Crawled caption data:
★ ★ ★ ★
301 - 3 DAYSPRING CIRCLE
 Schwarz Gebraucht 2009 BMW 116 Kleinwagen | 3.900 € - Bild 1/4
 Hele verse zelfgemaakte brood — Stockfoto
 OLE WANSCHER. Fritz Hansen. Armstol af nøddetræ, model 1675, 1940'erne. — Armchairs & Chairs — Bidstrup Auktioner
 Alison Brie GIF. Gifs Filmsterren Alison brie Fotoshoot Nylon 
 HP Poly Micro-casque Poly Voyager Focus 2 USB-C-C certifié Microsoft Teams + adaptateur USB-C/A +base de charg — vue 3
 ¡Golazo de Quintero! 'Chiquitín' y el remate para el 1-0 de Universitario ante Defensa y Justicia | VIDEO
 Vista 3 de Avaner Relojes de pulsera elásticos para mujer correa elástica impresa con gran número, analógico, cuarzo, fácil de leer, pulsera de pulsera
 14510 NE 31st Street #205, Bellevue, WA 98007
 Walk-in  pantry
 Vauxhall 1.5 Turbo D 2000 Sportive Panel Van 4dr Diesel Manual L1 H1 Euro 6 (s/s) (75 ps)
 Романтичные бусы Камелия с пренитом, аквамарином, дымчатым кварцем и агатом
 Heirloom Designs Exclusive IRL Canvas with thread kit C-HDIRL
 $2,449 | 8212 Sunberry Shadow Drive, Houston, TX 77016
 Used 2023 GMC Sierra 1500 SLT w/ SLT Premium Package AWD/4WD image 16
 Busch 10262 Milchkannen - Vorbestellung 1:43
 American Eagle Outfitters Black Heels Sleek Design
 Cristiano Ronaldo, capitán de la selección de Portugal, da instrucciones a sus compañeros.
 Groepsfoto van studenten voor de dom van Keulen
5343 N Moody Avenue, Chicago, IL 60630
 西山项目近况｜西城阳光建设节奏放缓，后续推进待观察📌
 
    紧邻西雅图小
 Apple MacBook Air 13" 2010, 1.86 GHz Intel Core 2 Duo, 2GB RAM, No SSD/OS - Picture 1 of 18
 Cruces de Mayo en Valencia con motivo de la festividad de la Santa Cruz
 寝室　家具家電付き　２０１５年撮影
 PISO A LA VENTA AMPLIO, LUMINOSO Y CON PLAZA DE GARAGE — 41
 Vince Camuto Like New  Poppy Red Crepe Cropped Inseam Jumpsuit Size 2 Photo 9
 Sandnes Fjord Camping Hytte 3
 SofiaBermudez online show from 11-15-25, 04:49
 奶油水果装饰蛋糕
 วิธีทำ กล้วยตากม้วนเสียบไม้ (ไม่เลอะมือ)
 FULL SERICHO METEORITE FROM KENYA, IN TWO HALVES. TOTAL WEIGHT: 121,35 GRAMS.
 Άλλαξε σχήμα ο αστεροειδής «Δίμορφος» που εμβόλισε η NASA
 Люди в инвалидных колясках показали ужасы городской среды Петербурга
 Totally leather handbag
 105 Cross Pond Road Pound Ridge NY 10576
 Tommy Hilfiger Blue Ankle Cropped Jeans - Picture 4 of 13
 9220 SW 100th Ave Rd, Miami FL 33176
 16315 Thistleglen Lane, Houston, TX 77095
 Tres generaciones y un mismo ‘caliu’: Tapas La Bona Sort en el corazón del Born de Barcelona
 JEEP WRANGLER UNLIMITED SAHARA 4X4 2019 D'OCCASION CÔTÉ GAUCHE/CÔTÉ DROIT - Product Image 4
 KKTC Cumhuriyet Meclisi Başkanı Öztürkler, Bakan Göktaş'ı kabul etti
★ ★ ★ ★
Copy the records above exactly, starting at the line that contains "Cristiano Ronaldo, capitán" and ending at the last line, and leave out all earlier lines.

 Cristiano Ronaldo, capitán de la selección de Portugal, da instrucciones a sus compañeros.
 Groepsfoto van studenten voor de dom van Keulen
5343 N Moody Avenue, Chicago, IL 60630
 西山项目近况｜西城阳光建设节奏放缓，后续推进待观察📌
 
    紧邻西雅图小
 Apple MacBook Air 13" 2010, 1.86 GHz Intel Core 2 Duo, 2GB RAM, No SSD/OS - Picture 1 of 18
 Cruces de Mayo en Valencia con motivo de la festividad de la Santa Cruz
 寝室　家具家電付き　２０１５年撮影
 PISO A LA VENTA AMPLIO, LUMINOSO Y CON PLAZA DE GARAGE — 41
 Vince Camuto Like New  Poppy Red Crepe Cropped Inseam Jumpsuit Size 2 Photo 9
 Sandnes Fjord Camping Hytte 3
 SofiaBermudez online show from 11-15-25, 04:49
 奶油水果装饰蛋糕
 วิธีทำ กล้วยตากม้วนเสียบไม้ (ไม่เลอะมือ)
 FULL SERICHO METEORITE FROM KENYA, IN TWO HALVES. TOTAL WEIGHT: 121,35 GRAMS.
 Άλλαξε σχήμα ο αστεροειδής «Δίμορφος» που εμβόλισε η NASA
 Люди в инвалидных колясках показали ужасы городской среды Петербурга
 Totally leather handbag
 105 Cross Pond Road Pound Ridge NY 10576
 Tommy Hilfiger Blue Ankle Cropped Jeans - Picture 4 of 13
 9220 SW 100th Ave Rd, Miami FL 33176
 16315 Thistleglen Lane, Houston, TX 77095
 Tres generaciones y un mismo ‘caliu’: Tapas La Bona Sort en el corazón del Born de Barcelona
 JEEP WRANGLER UNLIMITED SAHARA 4X4 2019 D'OCCASION CÔTÉ GAUCHE/CÔTÉ DROIT - Product Image 4
 KKTC Cumhuriyet Meclisi Başkanı Öztürkler, Bakan Göktaş'ı kabul etti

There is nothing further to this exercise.